Catastrophe risk modelling firm RMS has provided an estimate of the insurance and reinsurance industry loss from July’s devastating flooding across Europe, saying it could be as high as €6.5 billion (US $7.7bn).
RMS’s estimate is interesting, as the risk modeller has opted for a lower insured loss for Germany than even the country’s own insurance association believes it to be, suggesting RMS’ estimate may prove too low.
RMS said the overall industry loss across Europe from the floods is expected to be between €5 billion and €6.5 billion (US $6 billion and US $7.7 billion).
However, for Germany alone RMS estimates the loss will be between €3.5 billion and €4.5 billion.
This is some way below the estimates from Germany’s insurance association, the GDV, which said it expects the industry loss will be towards the top-end of its up to €5.5 billion estimate.
So RMS seems to be very low on Germany, which is surprising given how many estimates are already available there, including from its insurance association.
However, this is down to the different procedures used to reach a figure, as RMS’ estimate is based on a flood hazard footprint, so is modelled and not taking into account reporting from insurers.
RMS explained that this is brand-new flood footprint functionality that is available in its RMS Europe Inland Flood HD Models running on Risk Modeler.

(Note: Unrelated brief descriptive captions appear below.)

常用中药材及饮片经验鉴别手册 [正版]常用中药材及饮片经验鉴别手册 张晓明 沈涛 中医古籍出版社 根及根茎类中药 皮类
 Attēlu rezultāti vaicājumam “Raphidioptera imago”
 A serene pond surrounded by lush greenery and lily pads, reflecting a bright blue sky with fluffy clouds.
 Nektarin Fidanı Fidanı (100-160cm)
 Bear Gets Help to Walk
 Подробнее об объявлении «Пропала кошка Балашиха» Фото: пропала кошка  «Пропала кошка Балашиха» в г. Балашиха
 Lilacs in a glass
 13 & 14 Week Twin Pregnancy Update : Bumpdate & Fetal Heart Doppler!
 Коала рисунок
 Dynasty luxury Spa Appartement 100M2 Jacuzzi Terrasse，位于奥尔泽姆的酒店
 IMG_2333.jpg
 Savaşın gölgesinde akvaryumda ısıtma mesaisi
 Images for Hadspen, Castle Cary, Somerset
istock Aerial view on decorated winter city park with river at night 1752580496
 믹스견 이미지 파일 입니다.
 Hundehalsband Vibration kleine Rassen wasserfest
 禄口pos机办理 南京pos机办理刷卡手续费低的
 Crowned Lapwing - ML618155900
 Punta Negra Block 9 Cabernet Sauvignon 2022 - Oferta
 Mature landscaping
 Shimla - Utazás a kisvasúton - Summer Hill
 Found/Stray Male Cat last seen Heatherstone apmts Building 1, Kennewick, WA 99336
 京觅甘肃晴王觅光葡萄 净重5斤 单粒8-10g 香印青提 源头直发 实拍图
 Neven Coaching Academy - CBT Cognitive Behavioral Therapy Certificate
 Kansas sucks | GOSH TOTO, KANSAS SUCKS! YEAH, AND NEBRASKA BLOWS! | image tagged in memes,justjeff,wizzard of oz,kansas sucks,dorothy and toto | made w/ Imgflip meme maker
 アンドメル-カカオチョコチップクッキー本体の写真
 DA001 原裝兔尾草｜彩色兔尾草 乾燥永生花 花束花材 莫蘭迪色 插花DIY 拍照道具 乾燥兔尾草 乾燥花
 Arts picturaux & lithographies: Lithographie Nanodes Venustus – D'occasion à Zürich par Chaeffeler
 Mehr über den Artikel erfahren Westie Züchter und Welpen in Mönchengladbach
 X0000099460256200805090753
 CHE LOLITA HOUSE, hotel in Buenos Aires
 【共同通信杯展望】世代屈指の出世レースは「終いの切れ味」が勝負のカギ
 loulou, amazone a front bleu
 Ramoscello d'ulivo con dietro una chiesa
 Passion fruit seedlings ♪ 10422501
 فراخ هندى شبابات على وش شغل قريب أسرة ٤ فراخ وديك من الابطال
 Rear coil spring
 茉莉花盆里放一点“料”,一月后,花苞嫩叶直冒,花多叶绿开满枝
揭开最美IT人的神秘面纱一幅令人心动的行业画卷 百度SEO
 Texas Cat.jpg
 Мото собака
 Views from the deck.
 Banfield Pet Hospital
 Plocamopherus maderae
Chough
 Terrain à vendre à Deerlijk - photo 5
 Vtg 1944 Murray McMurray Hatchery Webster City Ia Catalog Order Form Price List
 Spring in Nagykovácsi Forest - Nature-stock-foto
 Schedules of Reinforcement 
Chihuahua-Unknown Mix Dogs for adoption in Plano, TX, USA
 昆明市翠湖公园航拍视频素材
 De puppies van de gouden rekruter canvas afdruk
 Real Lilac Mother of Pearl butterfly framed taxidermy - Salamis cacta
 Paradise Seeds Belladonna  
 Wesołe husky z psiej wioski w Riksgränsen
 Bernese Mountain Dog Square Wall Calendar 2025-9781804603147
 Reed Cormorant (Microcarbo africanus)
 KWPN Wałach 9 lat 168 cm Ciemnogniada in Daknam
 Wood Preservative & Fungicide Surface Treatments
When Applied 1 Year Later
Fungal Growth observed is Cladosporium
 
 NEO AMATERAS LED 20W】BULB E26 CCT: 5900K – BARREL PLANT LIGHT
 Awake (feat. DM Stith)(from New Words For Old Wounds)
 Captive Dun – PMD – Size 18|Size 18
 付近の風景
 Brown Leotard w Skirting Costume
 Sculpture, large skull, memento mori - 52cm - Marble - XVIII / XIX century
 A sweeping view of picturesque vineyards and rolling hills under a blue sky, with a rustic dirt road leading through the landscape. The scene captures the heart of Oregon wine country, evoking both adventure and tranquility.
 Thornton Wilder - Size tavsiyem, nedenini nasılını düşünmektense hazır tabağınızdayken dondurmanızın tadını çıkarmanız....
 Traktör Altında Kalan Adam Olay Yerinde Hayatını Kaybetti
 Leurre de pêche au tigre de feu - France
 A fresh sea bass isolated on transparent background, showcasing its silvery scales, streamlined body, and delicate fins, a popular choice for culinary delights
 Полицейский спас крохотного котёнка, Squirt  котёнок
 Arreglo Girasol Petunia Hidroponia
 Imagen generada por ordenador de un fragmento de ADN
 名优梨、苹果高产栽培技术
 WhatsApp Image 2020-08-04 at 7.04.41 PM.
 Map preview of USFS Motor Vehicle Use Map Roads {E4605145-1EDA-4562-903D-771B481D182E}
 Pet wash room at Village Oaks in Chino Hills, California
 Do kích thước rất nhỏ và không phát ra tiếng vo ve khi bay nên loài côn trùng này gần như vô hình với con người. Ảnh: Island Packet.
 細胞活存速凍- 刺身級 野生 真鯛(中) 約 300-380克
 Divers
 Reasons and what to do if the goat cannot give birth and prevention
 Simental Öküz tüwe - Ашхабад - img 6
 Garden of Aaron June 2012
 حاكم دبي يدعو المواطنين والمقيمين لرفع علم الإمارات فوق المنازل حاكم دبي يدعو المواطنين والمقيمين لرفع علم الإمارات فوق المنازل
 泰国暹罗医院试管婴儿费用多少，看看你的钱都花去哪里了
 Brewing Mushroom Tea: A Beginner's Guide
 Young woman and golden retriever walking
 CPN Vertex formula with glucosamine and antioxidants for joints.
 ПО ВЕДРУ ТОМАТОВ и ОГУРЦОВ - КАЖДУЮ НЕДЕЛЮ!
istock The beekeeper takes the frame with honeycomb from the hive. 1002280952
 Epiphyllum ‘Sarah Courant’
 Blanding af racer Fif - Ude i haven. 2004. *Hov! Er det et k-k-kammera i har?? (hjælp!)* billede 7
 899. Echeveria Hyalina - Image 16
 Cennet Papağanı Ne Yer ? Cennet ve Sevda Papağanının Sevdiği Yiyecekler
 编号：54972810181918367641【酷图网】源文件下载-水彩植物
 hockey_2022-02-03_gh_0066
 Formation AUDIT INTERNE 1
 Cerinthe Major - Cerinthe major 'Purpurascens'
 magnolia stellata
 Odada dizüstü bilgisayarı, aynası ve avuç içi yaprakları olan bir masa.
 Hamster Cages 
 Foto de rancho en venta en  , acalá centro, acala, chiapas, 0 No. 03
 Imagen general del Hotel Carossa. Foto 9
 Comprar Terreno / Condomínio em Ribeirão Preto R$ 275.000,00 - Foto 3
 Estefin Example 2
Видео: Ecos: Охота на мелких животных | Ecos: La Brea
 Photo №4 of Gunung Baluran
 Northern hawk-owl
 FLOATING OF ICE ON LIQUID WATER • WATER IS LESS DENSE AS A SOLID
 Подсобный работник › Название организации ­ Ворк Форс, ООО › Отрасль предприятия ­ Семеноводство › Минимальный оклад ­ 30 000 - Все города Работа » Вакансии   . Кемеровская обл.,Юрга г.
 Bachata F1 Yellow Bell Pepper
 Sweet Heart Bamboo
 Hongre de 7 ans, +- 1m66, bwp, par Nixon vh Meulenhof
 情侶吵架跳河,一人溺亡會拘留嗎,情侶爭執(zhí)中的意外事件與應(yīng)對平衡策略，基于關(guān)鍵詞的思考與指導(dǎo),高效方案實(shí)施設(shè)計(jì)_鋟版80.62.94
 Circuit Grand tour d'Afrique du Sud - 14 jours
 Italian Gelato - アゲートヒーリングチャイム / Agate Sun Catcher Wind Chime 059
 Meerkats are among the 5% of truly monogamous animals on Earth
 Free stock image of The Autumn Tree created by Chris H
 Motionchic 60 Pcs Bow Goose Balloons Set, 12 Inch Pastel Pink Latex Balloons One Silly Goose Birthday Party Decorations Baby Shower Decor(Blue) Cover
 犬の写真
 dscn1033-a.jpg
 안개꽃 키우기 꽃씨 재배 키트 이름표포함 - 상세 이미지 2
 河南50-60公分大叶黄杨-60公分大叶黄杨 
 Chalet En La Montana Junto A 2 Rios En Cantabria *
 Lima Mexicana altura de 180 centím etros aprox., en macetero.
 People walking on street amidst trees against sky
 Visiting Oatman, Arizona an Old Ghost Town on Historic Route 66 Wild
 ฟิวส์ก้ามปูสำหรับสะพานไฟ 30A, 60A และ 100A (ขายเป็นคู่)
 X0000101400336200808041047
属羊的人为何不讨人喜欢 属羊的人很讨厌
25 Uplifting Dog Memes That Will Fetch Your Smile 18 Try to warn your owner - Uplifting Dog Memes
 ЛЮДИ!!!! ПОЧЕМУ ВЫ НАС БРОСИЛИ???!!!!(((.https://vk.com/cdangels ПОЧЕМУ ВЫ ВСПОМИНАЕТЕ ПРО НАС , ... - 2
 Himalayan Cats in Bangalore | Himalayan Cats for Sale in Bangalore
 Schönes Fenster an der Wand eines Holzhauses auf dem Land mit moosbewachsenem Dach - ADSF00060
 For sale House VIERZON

RMS’ industry loss estimate includes insured property and business interruption loss to residential, commercial, industrial, automobile, and infrastructure lines and accounts for the potential of post-event loss amplification and extended business interruption.
However, RMS’ loss estimate also excludes losses observed in the Netherlands, which sits outside of the model domain, and losses in Switzerland, Bavaria and Saxony in Germany, and Austria, which were caused outside the time window of the heaviest rainfall.
Hence the delta between RMS’ estimate and the others, given it doesn’t even include the whole of Germany, making for very challenging comparisons.
Daniel Bernet, product manager, Europe Flood Models, RMS, commented, “In terms of loss, this event is expected to be comparable to the costliest European flood events in recent history, the Central and Eastern Europe floods of 2002 and 2013. However, unlike the 2002 and 2013 events during which overtopping and breaching of major rivers contributed substantially to overall damages, the 2021 event occurred in a different region and was characterized with much steeper and faster flood waves with higher flow velocities in smaller rivers and tributaries that caused substantial structural damage, and regretfully, an unusually high number of fatalities.”
Given what’s in and out of this estimate, we believe RMS’ figure points to a higher total loss for the insurance and reinsurance industry than most have reported so far.
Which perhaps means that investment bank Jefferies up to US $8.6 billion industry loss figure now looks more likely to be close to the eventual tally.